Comment devient-on designer moto ?
SR : “Les projets que je développe pour Saroléa comptent beaucoup à mes yeux car ils réunissent mes deux passions, le design et la moto. Le design est une démarche à part entière. Il ne suffit pas de faire un beau dessin sur papier en espérant que le reste suivra. Il faut s’intéresser aux technologies et aux matériaux pour fabriquer, voire orienter, la conception d’un objet. Le designer moto se situe en quelque sorte à mi-chemin entre l’artiste et l’ingénieur. En associant ces deux spécificités, il obtient des résultats qui tiennent la route. J’ai commencé à travailler il y a vingt ans avec Browning (division civile, sport et chasse de la FN Herstal, NDLR). Il s’agissait déjà d’objets très techniques, proches de ce qui se fait en horlogerie. Derrière ce type de produits se cachent une dimension mécanique et de nombreuses visites en usine, un lieu où je me sens particulièrement bien.”
Pourriez-vous nous parler d’un objet en particulier ?
SR : “Il y a près de trois ans, j’ai créé une table de salle à manger que j’ai exposée à la biennale Intérieur à Courtrai et lors du Uptown Design Tour, un circuit itinérant dédié au design à Bruxelles et initié par Kunty Moureau. C’est un objet qui me tient à coeur car il représente mon premier projet purement personnel en vingt ans de carrière. Il m’a permis d’exprimer et de figer qui j’étais à ce moment-là.”
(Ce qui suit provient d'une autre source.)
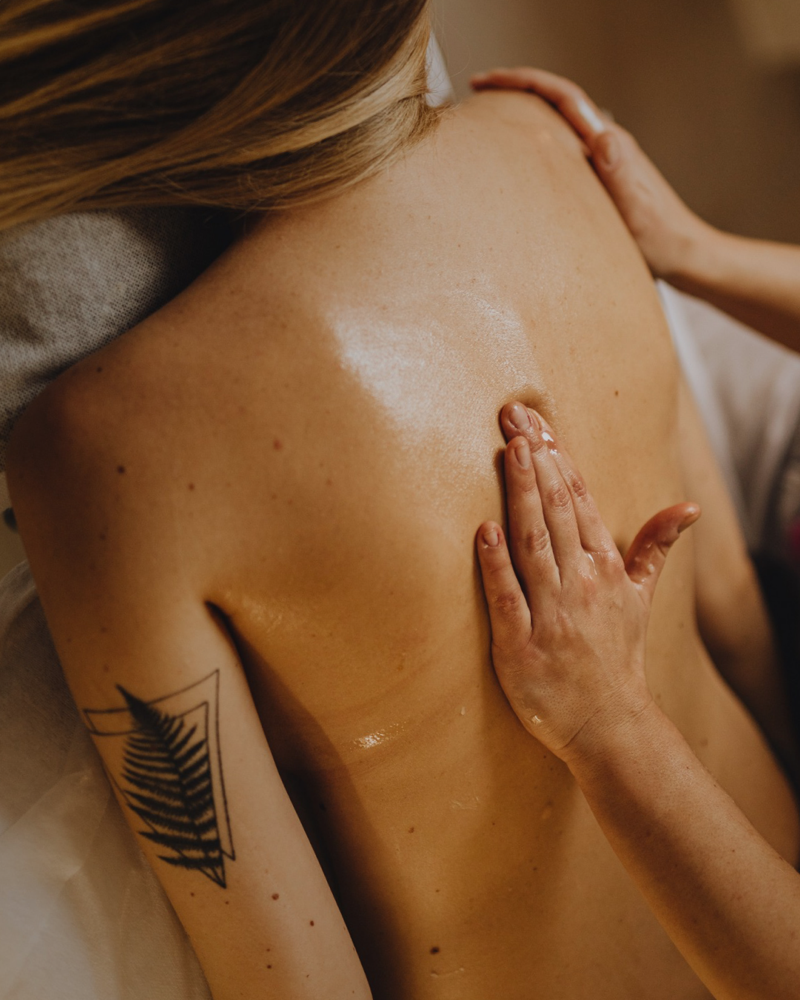 ✨Purifying Back Ritual✨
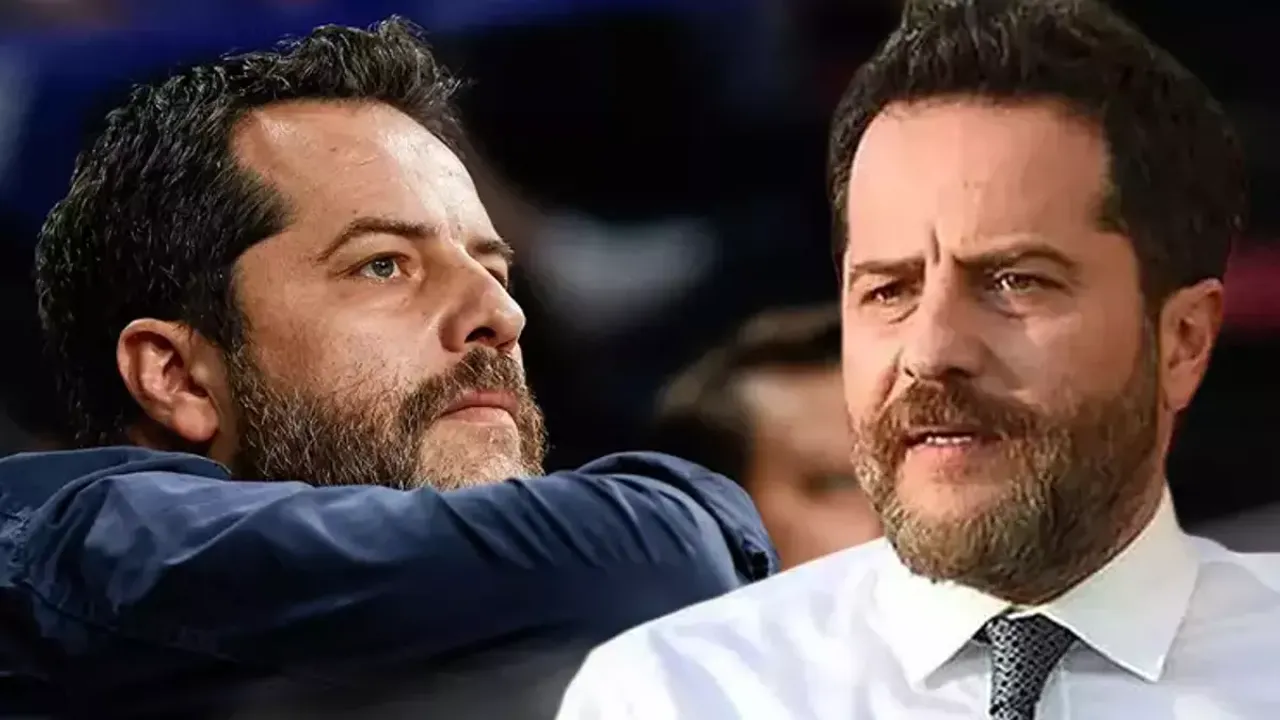 Futbolda Bahis ve Mali Suç Skandalı: Erden Timur ve Fatih Kulaksız Tutuklandı!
“Je l’ai baptisée Enoki car son dessin et son architecture sont directement inspirés d’un champignon. Son asymétrie a nécessité un gros challenge en termes de réflexion, de portance, de résistance et d’équilibre. Le côté magique du Corian, un matériau composite minéral développé par DuPont, permet de dissimuler la technicité de l’objet et donne l’impression qu’il est très simple. La partie supérieure est lisse, exception faite de la cuvette douce et flottante qui a été creusée dans la masse de la table pour servir de coupe à fruits. Son pied est décalé. La partie inférieure qu’on discerne par transparence est un jeu de stries qui font écho aux lamelles d’un champignon sous son chapeau. L’aspect tactile du Corian invite à toucher la table. C’est une pièce unique mais elle est disponible en édition sur le site TheArsenale.”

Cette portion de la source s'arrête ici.